La polémique enfle après l'interpellation à l'école

    Vive émotion dans la petite ville de Floirac en Gironde. Selon les informations du quotidien régional Sud-Ouest, six  policiers se sont rendus mardi après-midi devant l'école élémentaire Louis-Aragon pour interpeller deux écoliers, respectivement âgés de dix et six ans. Un déploiement de force de police qui a visiblement choqué la population locale.

    «Je suis arrivé avec ma femme à 16 h10 pour chercher nos enfants, il y avait déjà deux voitures de police et six policiers», raconte Gérard. Les fonctionnaires de la police nationale ont choisi d'intervenir au moment de la sortie de l'école pour arrêter ces deux élèves soupçonnés d'avoir volé un vélo. L'établissement, situé dans l'agglomération bordelaise, compte huit classes pour un effectif de 193 élèves provenant pour beaucoup des lotissements voisins.

    «C'est honteux», lâchait Aïcha Ouachin, la maman d'Hicham, le garçon de 10 ans. «Je veux que les conditions d'interpellation de mon fils se sachent, parce qu'on ne peut pas laisser faire des choses comme ça, il y avait d'autres façons de procéder pour vérifier si le vélo était le sien ou pas. »

    Les enfants ont été emmené au commissariat de Cenon pour y être interrogé deux heures durant, selon la mère d'Hicham. «L'interrogatoire a porté sur l'origine du vélo, mon fils et moi-même avons soutenu qu'il lui appartient». Hier matin, elle a fourni une attestation sur l'honneur du donneur, un adjudant-chef de la base aérienne 106, à Mérignac, qui le lui avait offert il y a plus d'un an et demi. « C'est maintenant un vélo pourri, personne n'en voudrait », dit-elle dans un faible sourire.

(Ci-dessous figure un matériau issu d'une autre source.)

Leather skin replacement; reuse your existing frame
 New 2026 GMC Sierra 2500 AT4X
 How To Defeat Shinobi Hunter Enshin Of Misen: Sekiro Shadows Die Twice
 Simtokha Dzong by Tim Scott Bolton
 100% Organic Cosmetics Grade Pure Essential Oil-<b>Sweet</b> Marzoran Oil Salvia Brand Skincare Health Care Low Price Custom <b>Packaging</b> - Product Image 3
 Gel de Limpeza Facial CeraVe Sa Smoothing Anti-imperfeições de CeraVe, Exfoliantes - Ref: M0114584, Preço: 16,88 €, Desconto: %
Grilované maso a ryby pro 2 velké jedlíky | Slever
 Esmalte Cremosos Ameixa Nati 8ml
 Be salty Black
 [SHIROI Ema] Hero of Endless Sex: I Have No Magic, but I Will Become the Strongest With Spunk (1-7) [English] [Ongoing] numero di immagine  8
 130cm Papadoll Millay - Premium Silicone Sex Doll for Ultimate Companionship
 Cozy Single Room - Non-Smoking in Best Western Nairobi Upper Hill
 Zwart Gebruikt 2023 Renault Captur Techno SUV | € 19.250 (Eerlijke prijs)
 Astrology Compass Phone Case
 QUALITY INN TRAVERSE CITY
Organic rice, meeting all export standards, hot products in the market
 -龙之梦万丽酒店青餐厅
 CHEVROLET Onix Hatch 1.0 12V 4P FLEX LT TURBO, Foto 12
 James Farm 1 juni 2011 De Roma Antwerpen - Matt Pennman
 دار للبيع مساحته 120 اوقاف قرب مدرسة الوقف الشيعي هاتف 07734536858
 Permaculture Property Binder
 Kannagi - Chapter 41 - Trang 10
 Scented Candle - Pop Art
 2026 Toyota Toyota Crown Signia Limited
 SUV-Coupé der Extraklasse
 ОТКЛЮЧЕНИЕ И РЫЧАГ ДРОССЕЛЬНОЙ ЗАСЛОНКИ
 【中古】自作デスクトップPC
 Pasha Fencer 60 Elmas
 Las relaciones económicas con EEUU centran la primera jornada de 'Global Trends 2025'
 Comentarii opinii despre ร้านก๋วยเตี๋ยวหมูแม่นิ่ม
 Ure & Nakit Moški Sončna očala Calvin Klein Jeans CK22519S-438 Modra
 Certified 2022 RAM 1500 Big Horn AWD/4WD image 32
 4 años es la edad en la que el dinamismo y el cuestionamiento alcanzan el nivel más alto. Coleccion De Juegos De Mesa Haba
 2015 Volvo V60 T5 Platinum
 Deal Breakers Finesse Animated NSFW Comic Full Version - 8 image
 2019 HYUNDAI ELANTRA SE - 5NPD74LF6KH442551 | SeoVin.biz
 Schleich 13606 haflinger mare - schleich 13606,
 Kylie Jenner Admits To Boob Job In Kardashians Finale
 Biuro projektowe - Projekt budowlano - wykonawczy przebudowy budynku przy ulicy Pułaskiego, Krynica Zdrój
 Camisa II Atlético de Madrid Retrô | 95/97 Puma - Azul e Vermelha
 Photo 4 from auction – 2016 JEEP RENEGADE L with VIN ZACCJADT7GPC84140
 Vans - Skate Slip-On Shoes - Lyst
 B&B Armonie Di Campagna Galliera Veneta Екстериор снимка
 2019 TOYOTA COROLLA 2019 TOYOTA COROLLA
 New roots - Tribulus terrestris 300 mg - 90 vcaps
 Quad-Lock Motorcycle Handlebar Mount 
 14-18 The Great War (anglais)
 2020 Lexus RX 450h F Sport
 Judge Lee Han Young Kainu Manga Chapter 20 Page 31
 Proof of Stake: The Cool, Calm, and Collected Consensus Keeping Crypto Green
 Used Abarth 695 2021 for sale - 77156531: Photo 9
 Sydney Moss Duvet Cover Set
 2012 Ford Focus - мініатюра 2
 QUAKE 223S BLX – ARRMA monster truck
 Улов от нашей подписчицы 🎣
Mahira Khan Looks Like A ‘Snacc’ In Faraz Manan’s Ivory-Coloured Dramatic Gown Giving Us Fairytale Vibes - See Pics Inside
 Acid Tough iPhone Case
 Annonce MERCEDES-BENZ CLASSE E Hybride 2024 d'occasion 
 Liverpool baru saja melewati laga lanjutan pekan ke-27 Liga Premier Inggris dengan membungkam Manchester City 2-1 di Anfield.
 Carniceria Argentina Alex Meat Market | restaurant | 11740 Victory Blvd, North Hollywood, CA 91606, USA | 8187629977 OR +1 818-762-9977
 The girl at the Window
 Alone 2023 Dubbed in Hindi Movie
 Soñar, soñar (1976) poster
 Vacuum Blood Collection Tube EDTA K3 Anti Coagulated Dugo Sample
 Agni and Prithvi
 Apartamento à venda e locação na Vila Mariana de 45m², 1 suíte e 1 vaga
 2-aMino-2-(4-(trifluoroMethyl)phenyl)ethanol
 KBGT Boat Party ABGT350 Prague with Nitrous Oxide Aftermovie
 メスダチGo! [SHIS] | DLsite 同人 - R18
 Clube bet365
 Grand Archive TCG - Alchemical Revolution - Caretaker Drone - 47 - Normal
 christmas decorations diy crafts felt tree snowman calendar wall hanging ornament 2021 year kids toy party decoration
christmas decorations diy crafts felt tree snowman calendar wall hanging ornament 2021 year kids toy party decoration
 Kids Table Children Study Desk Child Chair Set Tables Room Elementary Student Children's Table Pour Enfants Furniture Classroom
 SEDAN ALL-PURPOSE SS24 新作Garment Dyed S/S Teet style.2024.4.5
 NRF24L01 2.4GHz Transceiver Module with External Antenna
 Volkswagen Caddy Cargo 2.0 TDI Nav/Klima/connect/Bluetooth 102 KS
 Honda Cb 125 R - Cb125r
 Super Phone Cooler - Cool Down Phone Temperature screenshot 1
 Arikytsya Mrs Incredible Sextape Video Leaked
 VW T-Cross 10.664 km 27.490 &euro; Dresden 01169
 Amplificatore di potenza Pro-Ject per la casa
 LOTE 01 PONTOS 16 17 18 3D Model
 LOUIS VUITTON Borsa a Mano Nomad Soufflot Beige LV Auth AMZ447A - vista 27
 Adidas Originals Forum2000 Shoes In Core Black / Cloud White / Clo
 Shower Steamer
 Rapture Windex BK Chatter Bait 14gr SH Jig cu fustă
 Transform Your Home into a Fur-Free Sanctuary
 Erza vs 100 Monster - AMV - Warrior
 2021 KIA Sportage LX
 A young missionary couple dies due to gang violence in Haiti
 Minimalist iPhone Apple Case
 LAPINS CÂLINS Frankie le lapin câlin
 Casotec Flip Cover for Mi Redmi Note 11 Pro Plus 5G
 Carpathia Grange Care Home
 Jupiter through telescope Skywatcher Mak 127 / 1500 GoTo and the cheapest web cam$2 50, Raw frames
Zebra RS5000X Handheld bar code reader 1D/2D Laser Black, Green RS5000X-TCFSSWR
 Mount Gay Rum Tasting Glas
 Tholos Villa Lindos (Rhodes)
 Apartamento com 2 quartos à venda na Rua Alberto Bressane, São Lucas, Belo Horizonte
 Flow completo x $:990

    L'intervention policière faisait suite à la dénonciation d'une autre mère d'élève, qui avait pensé, en voyant Hicham arriver à l'école mardi matin, que le vélo était celui qui lui avait été volé .

    Le directeur de la police assume. «Les mineurs ont été entendus (respectivement) une heure trente et deux heures» et un compte-rendu a été fait «à deux substituts du procureur», a précisé le directeur départemental de la sécurite publique, Albert Doutre, qui «assume de bout en bout» cette intervention menée avec «tact et discernement». Les enfants ont été interpellés «très judicieusement un peu à l'écart du groupe scolaire» après la fin de la classe, avant d'être conduits «sans menottes ni rudoiement» au commissariat situé à proximité, où leurs mères les ont ensuite rejoints, afin d'établir leur identité et d'être auditionnés, a-t-il précisé.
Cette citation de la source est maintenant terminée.